2025.08.28 大手報道機関が米AI企業を相次ぎ提訴、記事の無断利用で著作権侵害
生成AI(人工知能)が急速に進化する動きが、報道機関を揺るがす事態に発展している。生成AIを活用した検索サービスを提供する米国のパープレキシティ(カリフォルニア州)が記事を無断で収集・利用したとして、朝日新聞社と日本経済新聞社が著作権侵害行為の差し止めと損害賠償を求める訴訟を26日、東京地裁に提起した。パープレキシティを巡っては読売新聞社も提訴しており、コンテンツ保護のあり方について議論を深めるきっかけとなりそうだ。
パープレキシティは、2022年創業の新興企業。朝日と日経の発表によると、パープレキシティは利用者から受けた質問に関連する情報をインターネット上で収集して生成AIに入力し、出力された回答を提供するサービスを運営している。朝日と日経のサーバーなどに収録された記事について、許諾を得ずに複製・保存し、遅くとも24年6月ごろから記事が含まれた回答を利用者の端末に繰り返し表示している。
記事の無断利用を防ぐため両社は自社サイトに、情報収集するクローラーを管理する「robots.txt」という技術的な措置を施し、記事の利用を拒否する意思表示をしているが、パープレキシティはこれを無視して利用を継続。無許諾で回答に使われたコンテンツには、日経が有料会員にのみ提供する記事や朝日が提携先に配信した記事が含まれているという。

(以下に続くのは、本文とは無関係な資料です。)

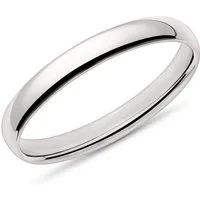 JEWLIX Goldring Minimalistischer Ring aus 585er Weißgold -3 mm Breit ER0007-14KW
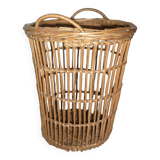 Vintage rattan basket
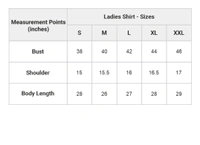 Ladies Shirt  - Rose White, L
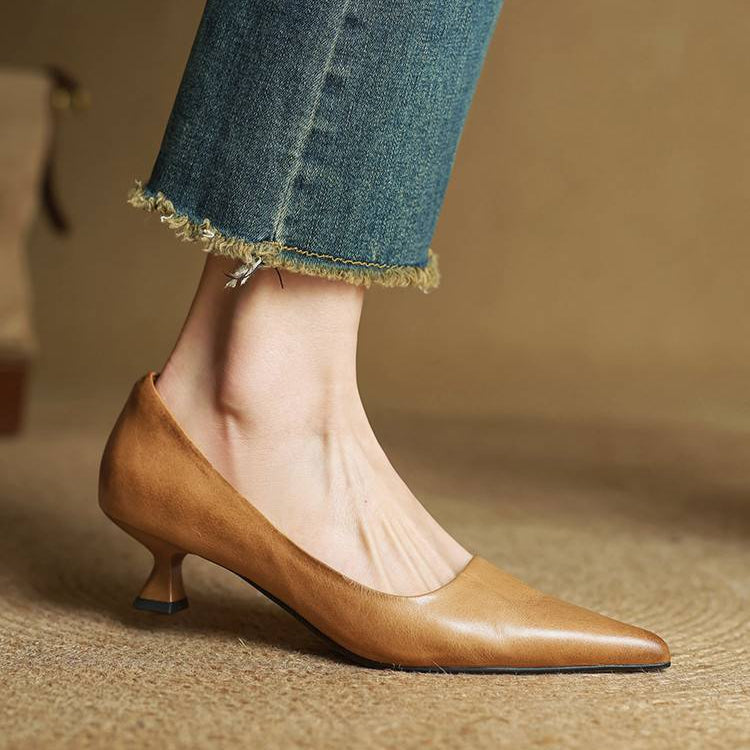 Anok Tacones Altos de Cuero Auténtico - Van Moreau Utrecht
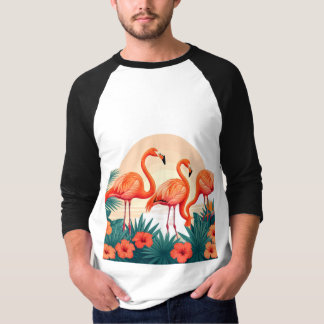 Gracful Flamingos Tropical Elegance Flamingo Drea T Shirt
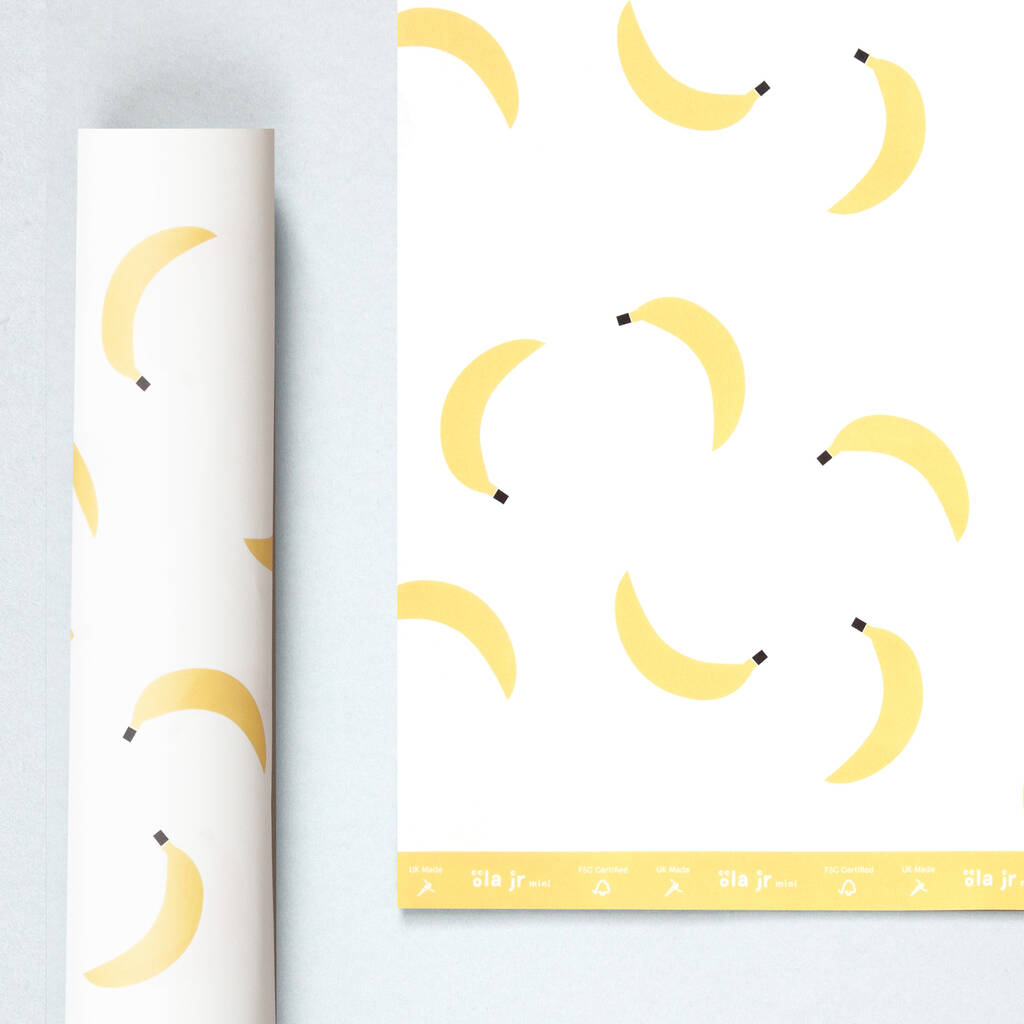 Ola Jr Mini Patterned Paper Bananas Print By Ola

そこで両社は、記事の複製・送信の差し止めや保存した文章の削除などを要求。合わせて、著作権侵害や不正競争行為で被った損害の一部として、各22億円を請求することにした。
「ただ乗り」を問題視
両社は、記者が膨大な時間と労力を費やして取材・執筆した記事について、対価を支払わずに「ただ乗り」するパープレキシティの行為を問題視。この事態を放置すれば、事実を正確に伝える使命を重視する報道機関全体の基盤が破壊され、ひいては民主主義の根幹を揺るがしかねないとして昨年夏から協議を続け、今回の共同提訴に踏み切った。
朝日広報部は発表したコメントの中で「当社のみならず日本新聞協会を通じて業界全体でも対応を求めてきた。改善がみられないまま無断利用が続く状況は看過できず今回、問題意識を共有する日本経済新聞社との共同提訴に至った」とした上で、「許諾を得ずに違法な利用を続ける事業者には、引き続き対応を求める」と述べた。日経広報室もコメントを発信し、その中で「共同提訴によって記事を許諾なしに利用していることを明確にし、野放図な著作権侵害に歯止めをかけたいと考えている。民主主義の根幹を支える健全な報道を守る意義を訴えていく」との認識を示した。
7日には、読売新聞東京本社、大阪本社、西部本社の3社がパープレキシティを相手取り、読売新聞オンライン上の記事の複製行為の差し止めと約21億6800万円の損害賠償などを求める訴訟を東京地裁に起こした。発表した読売新聞グループ本社の広報部は、公開したコメントの中で「多大な労力と費用をかけて取材をした成果である記事などの著作物が大量に取得・複製され、生成AIによるサービスに利用されていた事実は看過できず、提訴に至った」とした上で、「ただ乗りを許せば、取材に裏付けられた正確な報道に負の影響をもたらし、民主主義の基盤を揺るがしかねない」と強調。「訴訟を通じて、急速に普及する生成AIの規律や利活用のあり方を問いたい」との考えも示した。
急がれる制度の整備
日本新聞協会によると、AI事業者に対し、報道コンテンツを生成AIに利用する場合には許諾を得るよう繰り返し求めてきたが、改善がみられないままサービスは拡大の一途をたどっている。特にウェブ上の検索と連動してAIが回答を生成するサービスは、情報源となるコンテンツを無断利用し、記事と類似した回答の表示も多く、著作権侵害に該当する可能性が高いという。6月には、新聞協会が「生成AIにおける報道コンテンツの保護」に関する声明を発表。この中で、データ収集を行う事業者が技術的措置を施してコンテンツ保護の意思を示す権利者を尊重するよう要求。政府や国会に対しては、コンテンツの適正な保護に向けた制度整備を求めた。
生成AIと著作権の関係に関する懸念の解消に向けては、国も動き出している。文化庁がAIと著作権に関する考え方について整理したほか、24年4月には経済産業省と総務省がまとめた指針「AI事業者ガイドライン」が公開された。今年5月には、AIの開発促進とリスク対応の両立を目指す新法が成立。この中に、国民の権利利益の侵害が生じた事案の分析と対策の検討を進め、その結果に基づいて必要な措置を講じる方針が盛り込まれた。ただ、AIと共存するための環境づくりは途上で、新聞協会は声明の中で、「報道コンテンツの保護は極めて心もとないと言わざるを得ない」と指摘した。
ユーザーがAIの回答に満足し参照元のウェブサイトを訪れない「ゼロクリックサーチ」の問題も、報道機関に影を落としている。報道の機能が低下すれば、国民の「知る権利」を阻害しかねない。それだけに官民挙げて、コンテンツの権利者を守る有効策を探る必要がありそうだ。